In a similar manner, trust in Divine providence is a form of self-emptying on the part of the believer. Such trust has a very traditional expression: the giving of thanks. To give thanks always, everywhere and for all things is the fullest form of self-emptying. The Elder Sophrony once said that if one were to practice thanksgiving always and everywhere, he would fulfill the saying to St. Silouan, “Keep your mind in hell and despair not.” Fr. Alexander Schmemann said, “Anyone capable of thanksgiving is capable of salvation.”
The common objection to trust in God’s providence is similar to the objections for thanksgiving. We fear that such trust and thanks will result in non-action, an acquiescence to the reign of evil. If the Christian life is rightly understood (and lived), this result is not an issue. This fear, understandably common, is intensified within the mindset and narrative of modernity.
The modern narrative tends to claim that human problems were largely left unattended and uncorrected until the advent of modern social science and political efforts. It fails to recognize that the very period of time that is marked by “modern,” has also contained many of the most egregious human rights violations known to history. Racial slavery, as practiced in America, for example, was maintained and justified almost exclusively on the grounds of very modern reasons.
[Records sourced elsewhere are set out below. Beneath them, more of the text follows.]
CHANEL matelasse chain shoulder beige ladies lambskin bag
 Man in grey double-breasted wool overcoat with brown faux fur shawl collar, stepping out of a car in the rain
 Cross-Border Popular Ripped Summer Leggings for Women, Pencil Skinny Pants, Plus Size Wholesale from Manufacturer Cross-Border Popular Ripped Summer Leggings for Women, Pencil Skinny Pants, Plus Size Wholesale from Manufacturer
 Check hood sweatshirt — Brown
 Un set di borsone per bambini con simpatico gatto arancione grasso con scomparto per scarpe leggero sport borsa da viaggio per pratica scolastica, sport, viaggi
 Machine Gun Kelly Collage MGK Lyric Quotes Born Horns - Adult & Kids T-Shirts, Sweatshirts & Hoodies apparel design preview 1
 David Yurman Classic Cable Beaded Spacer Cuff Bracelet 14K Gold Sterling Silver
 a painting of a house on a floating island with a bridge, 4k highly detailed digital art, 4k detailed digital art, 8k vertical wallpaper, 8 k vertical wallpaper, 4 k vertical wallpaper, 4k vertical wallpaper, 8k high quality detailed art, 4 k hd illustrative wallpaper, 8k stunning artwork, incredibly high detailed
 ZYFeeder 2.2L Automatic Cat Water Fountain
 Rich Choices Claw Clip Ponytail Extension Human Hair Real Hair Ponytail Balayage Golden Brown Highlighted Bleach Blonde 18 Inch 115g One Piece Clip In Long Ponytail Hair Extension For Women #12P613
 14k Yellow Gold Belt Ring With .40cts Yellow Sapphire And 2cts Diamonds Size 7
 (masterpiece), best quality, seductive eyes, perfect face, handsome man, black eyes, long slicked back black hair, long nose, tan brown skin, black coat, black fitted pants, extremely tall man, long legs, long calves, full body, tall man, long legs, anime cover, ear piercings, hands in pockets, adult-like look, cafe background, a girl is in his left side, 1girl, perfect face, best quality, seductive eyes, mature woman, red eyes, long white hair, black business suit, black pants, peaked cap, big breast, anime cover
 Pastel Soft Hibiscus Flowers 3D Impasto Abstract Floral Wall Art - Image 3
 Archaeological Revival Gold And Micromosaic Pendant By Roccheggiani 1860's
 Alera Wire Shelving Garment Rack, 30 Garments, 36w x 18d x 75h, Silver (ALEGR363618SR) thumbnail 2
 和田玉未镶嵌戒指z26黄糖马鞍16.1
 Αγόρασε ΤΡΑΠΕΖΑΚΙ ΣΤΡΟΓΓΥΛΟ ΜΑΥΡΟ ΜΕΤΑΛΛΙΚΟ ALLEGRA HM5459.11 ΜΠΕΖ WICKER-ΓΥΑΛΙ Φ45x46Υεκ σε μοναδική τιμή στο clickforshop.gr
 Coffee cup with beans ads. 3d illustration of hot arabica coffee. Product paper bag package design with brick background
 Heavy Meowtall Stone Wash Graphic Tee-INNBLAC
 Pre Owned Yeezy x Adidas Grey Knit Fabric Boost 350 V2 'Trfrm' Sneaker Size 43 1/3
The fear of inaction is a charge that can easily be brought against the Cross itself. The weakness of Christ Crucified appears (on the surface) to be the acquiescence of God to evil. This is certainly what the powers of evil thought:
…We speak the wisdom of God in a mystery, the hidden wisdom which God ordained before the ages for our glory, which none of the rulers of this age knew; for had they known, they would not have crucified the Lord of glory. (1Co 2:7-8)
To trust in providence is not the same as inaction. Rather, it is a description of the form and character of action. The death of Christ on the Cross is in no wise involuntary – it is not passive. A life lived in union with the providence of God is in no way passive – it is the action of the Cross within the world.
The Cross should not be relegated to an event that accomplishes our salvation as an isolated or unique transaction. The Crucified Christ reveals the very nature and character of God and the nature and character of the life of salvation. The Christian life is the process of increasing transformation into the image and likeness of Christ. That image and likeness is specifically that of the Crucified (Phil. 2:5-11).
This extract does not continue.